Alaskans want a way out of the state’s current deficit spending situation, and one will be forthcoming; it has to be.
But, in the meantime, there’s something that every Alaskan can do immediately to help the state and the communities — buy local.
Gov. Bill Walker says he intends to begin a “buy local” campaign in the state. It isn’t an original idea, as Walker acknowledges, but it’s one that can be effective in Alaskans supporting Alaskans and Alaska.
Ketchikan periodically pushes “buy local,” often during the Christmas gift-buying-and-giving season. It will come up at other times, too; for example, when the Alaska Permanent Fund checks are distributed by the state to Alaskans annually in October.

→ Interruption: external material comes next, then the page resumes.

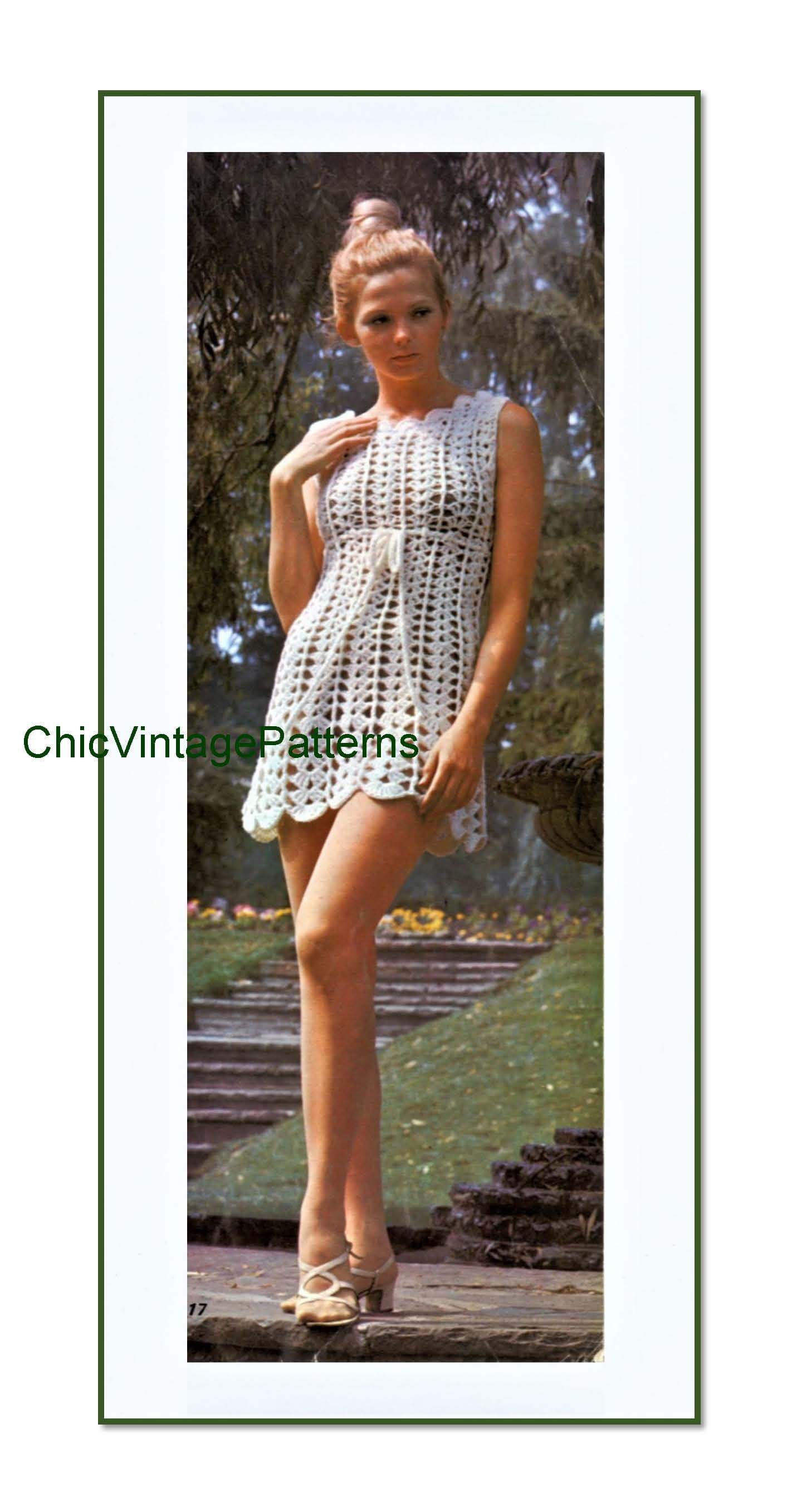 Lacy Crochet Dress Pattern, Ladies Summer Dress, Instant Download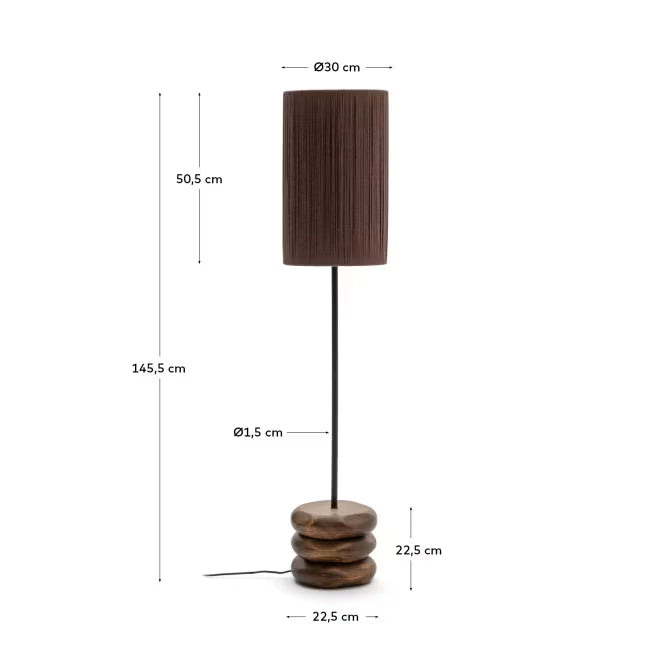 Kor table floor lamp made of jute and acacia wood in a dark finish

The biggest competition for many Alaska businesses is Internet shopping. Internet-based companies make it easy; it isn’t necessary to go out in the rain, burn automobile fuel, wait in lines or really move more than one’s fingers. To get from store to store is a matter of a few key strokes.
That’s convenience. But, it has its down sides. First, it burns next to no calories. Second, and more seriously, it sends Alaska’s dollars to support jobs and economies in other states, which undoubtedly they appreciate.
But, it’s our state and our community economies in need of the money. Our communities have bills to pay — public safety, infrastructure such as water and sewer lines, highway and road maintenance, providing utilities. It all costs, and every time we buy local, we support our own services. Businesses can pay their share for these community necessities, too, when we do business with them.
Certainly, many items are available and are purchased locally. But some items or services simply aren’t available in smaller towns and cities. But they might be in larger Alaska cities. And, of course, they are in other states.
But making every effort to buy local is like putting savings into our own account instead of into someone else’s. That’s what Alaska needs to do now more than ever.